Search code examples
python-3.xmultiprocessingdaskdask-distributeddask-delayed

Dask distributed library giving serialization error


I have initialized the cluster with 10 workers and 4 thread per worker and I have 12 core laptop where I am running this.

    cluster = makeIndividualDashboard.LocalCluster(n_workers=10, threads_per_worker=4)
    client = makeIndividualDashboard.Client()
    runOna(client)
    client.shutdown()

now below is the code where i am doing the cluster computing.

    st = settings.as_dict()
    new_settings = namedtuple("Settings", st.keys())(*st.values())
    to_process = []
    client.cluster.scale(10)
    if mongoConnection:
        mongo_c = True
    else:
        mongo_c = None
    future = client.scatter([net, new_settings, avgNodesConnected, kcoreByGroup, averageTeamDensity,
                             edgesInByAttributeTableMeans, edgesInByAttributeTable, crossTeamTiesTable,
                             descendentLookup, groupDegreeTable, respondentDegreeTable, degreeTable,
                             orgTeamTree, teamMembership, graphId, selectionRange, criteria,
                             onlyForNodes, hashIds, useEnvironment, rollupToLeaders, averageTeamSize,
                             meanCrossInTiesPct, meanCrossOutTiesPct, meanCrossAllTiesPct, mongo_c])
    for node in nodes:
        if FILTER_FOR_USER == None or node == FILTER_FOR_USER:
            to_process.append(dask.delayed(run_me)(node, *future))

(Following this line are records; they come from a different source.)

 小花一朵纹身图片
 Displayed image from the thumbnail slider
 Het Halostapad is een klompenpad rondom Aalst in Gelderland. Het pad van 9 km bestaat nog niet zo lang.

    dask.compute(*to_process)

yes, this looks bit messy because run_me is a very big function as of now I can not modularize better in the future maybe I will. the issue is this work fine if I have only 5 workers or less but as soon I increase the number of workers this gives me serialization error.

distributed.protocol.core - CRITICAL - Failed to Serialize
Traceback (most recent call last):
  File "/Users/omtripa/anaconda3/envs/ONA-Transformation/lib/python3.7/site-packages/distributed/protocol/core.py", line 44, in dumps
    for key, value in data.items()
  File "/Users/omtripa/anaconda3/envs/ONA-Transformation/lib/python3.7/site-packages/distributed/protocol/core.py", line 45, in <dictcomp>
    if type(value) is Serialize
  File "/Users/omtripa/anaconda3/envs/ONA-Transformation/lib/python3.7/site-packages/distributed/protocol/serialize.py", line 210, in serialize
TypeError: ('Could not serialize object of type float64.', '0.68')
distributed.comm.utils - ERROR - ('Could not serialize object of type float64.', '0.68')

Again this is very weird because if i run this in the Linux server which has 35 core and I put numbers of workers 30 works fine not sure what is the issue. is this specific to my local ?? i can look for serialization issue but why this works with 5 workers only ??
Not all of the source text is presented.